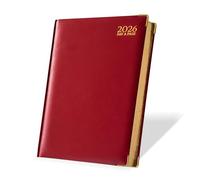 G4GADGET 2026 A4 Diary Day a Page - Red | Daily Planner with UK Holidays & Global Info | Hardback Academic Diary for Teachers, Students & Office Use | Full Page Organizer with Notes & Contacts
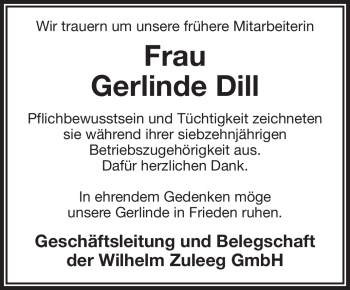 Traueranzeige von Gerlinde Dill von Frankenpost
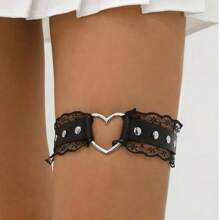 1/3Pcs Night Seduction Adjustable Leg Garter Belt For Women - Soft PU Leather Thigh Chain With Spike & Lace Details, Stretchy Gothic Rave Accessories For Valentine's Day, Music Festivals, K-Pop Stage Style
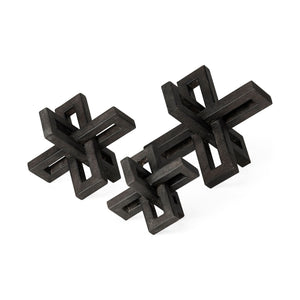 Set of Three Black Metal Decorative Jacks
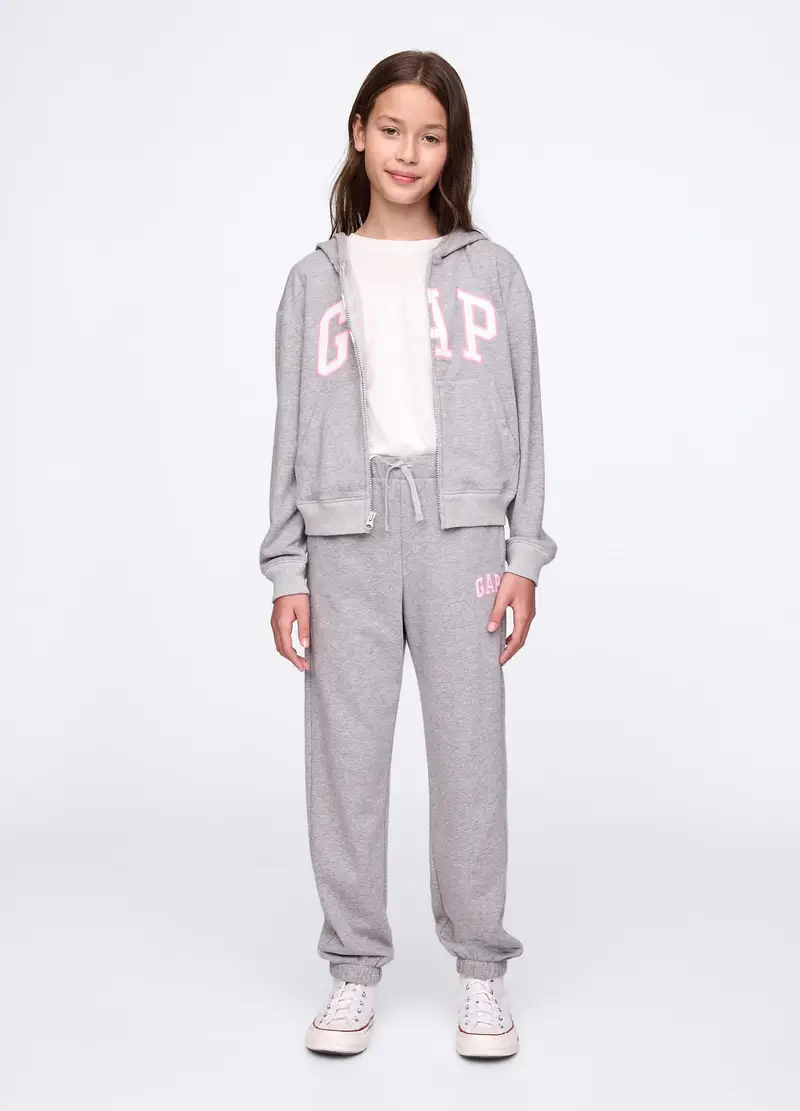 GAP - Joggers con coulisse e patch logo, Bambina, Grigio melange, Taglia XS/99-114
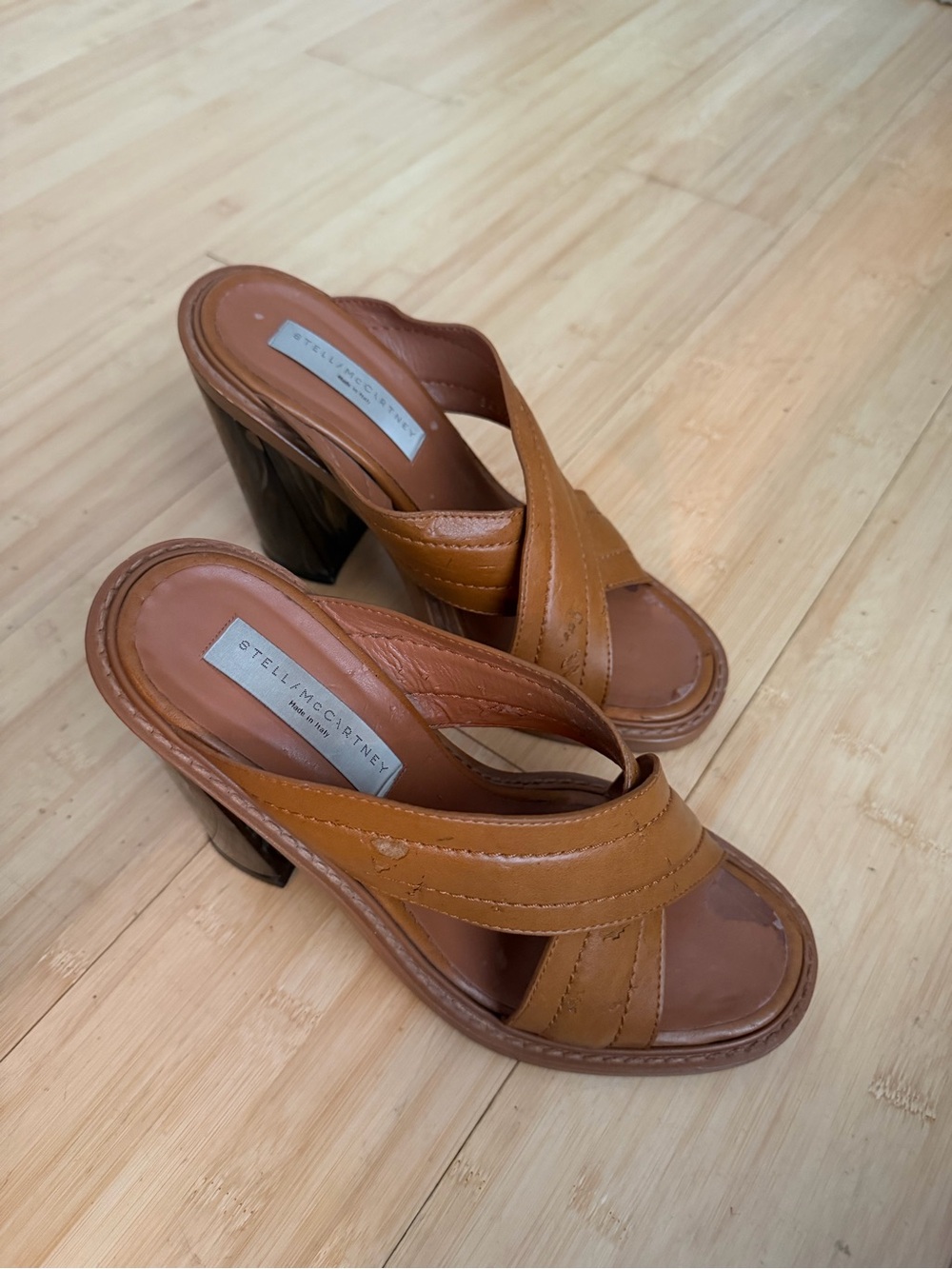 Stella McCartney Cognac Tan Crisscross Mule Heels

-- -- --

**Exercise**
Word-for-word transcript, pictures excluded: copy all the material above.

**Exercise solution**
 G4GADGET 2026 A4 Diary Day a Page - Red | Daily Planner with UK Holidays & Global Info | Hardback Academic Diary for Teachers, Students & Office Use | Full Page Organizer with Notes & Contacts
 Traueranzeige von Gerlinde Dill von Frankenpost
 1/3Pcs Night Seduction Adjustable Leg Garter Belt For Women - Soft PU Leather Thigh Chain With Spike & Lace Details, Stretchy Gothic Rave Accessories For Valentine's Day, Music Festivals, K-Pop Stage Style
 Set of Three Black Metal Decorative Jacks
 GAP - Joggers con coulisse e patch logo, Bambina, Grigio melange, Taglia XS/99-114
 Stella McCartney Cognac Tan Crisscross Mule Heels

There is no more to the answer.